L'abbé Chelan : Continue, mon enfant. Continue.

Julien Sorel : Je n'me suis repenti qu'après l'avoir revue. Vivante. Elle était vivante ! Mon père, j'ai réalisé alors quelque chose de très étrange. Je me suis rendu compte que j'aimais follement cette femme et j'ai compris l'horreur de mon acte. Je l'aime éperduement. Merci, mon père, d'être venu. Il fallait que je vous voie.

L'abbé Chelan : J'ai eu tant de chagrin en apprenant... Je venais de recevoir ta lettre de Strasbourg, et tout cet argent que tu m'as envoyé. Et que je t'ai rapporté.

Julien Sorel : Garde-le pour vous, ou donnez-le à quelqu'un. Vous semblez tellement fatigué.

L'abbé Chelan : Je crois qu'il vaut mieux mourir jeune que d'arriver à cette décrépitude.

Julien Sorel : Je voudrais vous demander quelque chose. Avez-vous peur de la mort ?

L'abbé Chelan : La mort est une aventure individuelle.

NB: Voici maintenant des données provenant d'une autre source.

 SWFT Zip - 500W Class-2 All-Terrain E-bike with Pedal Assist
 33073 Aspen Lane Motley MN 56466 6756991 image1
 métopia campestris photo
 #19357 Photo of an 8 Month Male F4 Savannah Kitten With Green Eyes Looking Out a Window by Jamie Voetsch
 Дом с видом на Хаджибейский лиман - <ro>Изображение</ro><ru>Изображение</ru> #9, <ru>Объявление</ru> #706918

J'ai eu de la chance, je vis la mienne en compagnie de Dieu. Tu lui as tourné le dos mais il te sera beaucoup pardonné, puisque tu as beaucoup aimé.

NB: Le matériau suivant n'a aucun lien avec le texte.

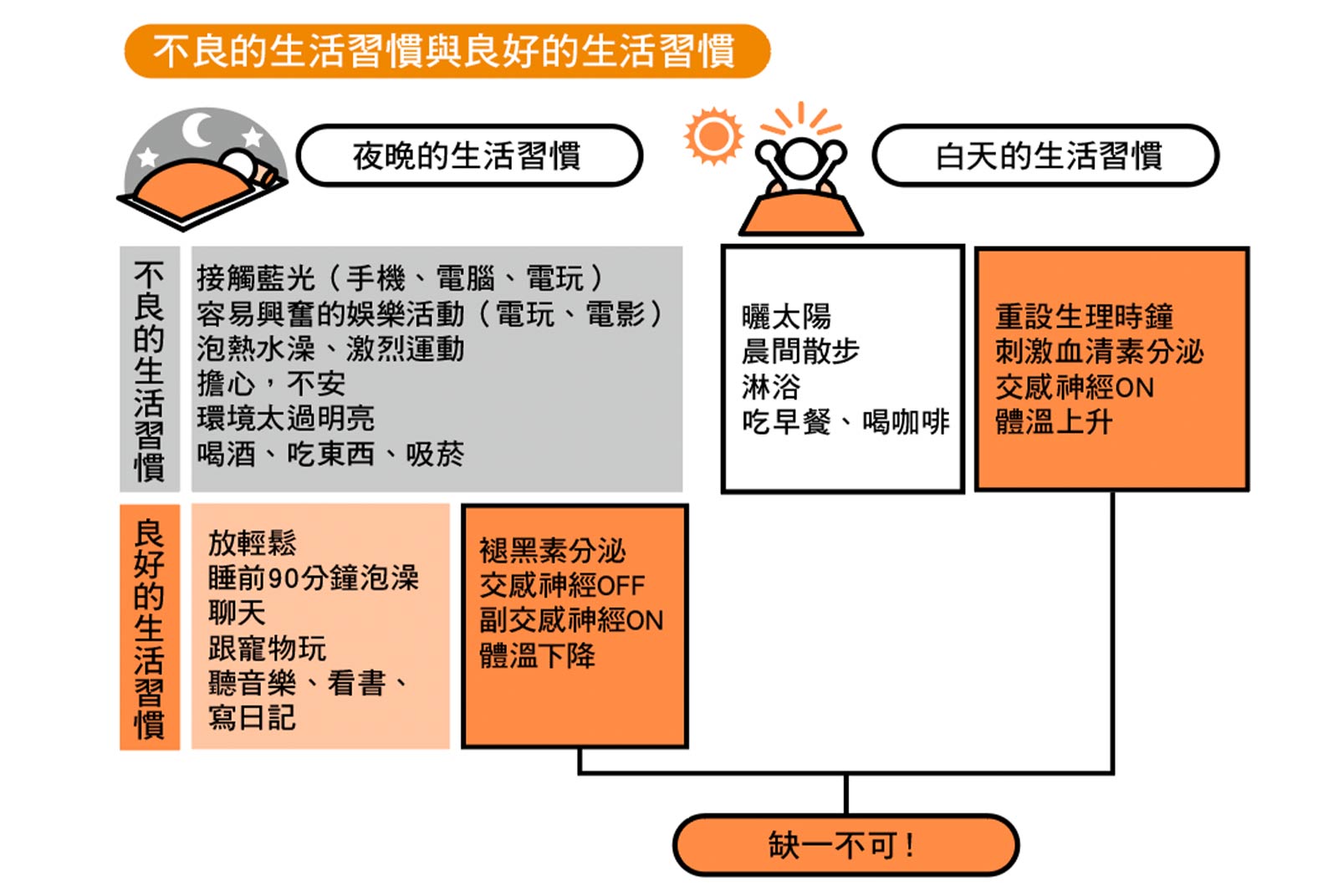 養生保健 晨間 散步 生活習慣 血清素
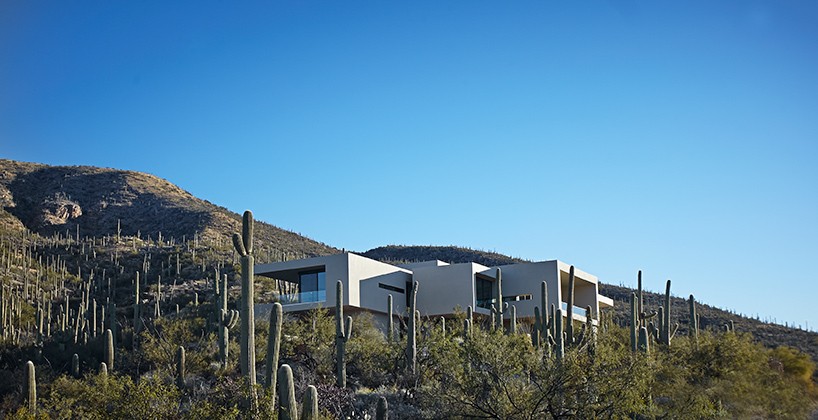 home-901-designboom-2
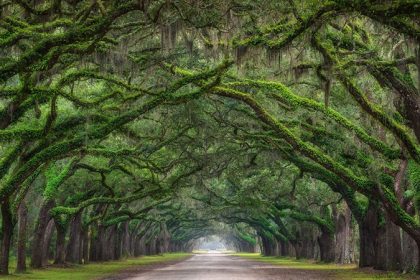 The most beautiful tree tunnels in the world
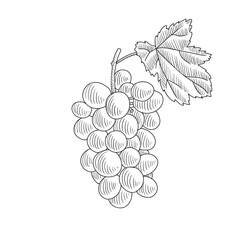 vector drawing grape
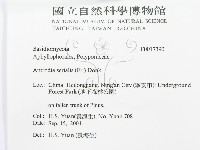 登錄號:F0017390藏品圖，第3張
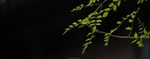 树木绿叶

Julien Sorel : J'aimerais tant que tout... que tout se passe bien simplement.  Et j'espère ne pas avoir honte de moi avant de mourir.

L'abbé Chelan : Si tu sens ton courage fléchir, pense aux plus beaux moments, aux plus belles lumières. Dieu, lui, ne te tournera pas le dos. Tu n'es pas un monstre, mon enfant, moi je le sais.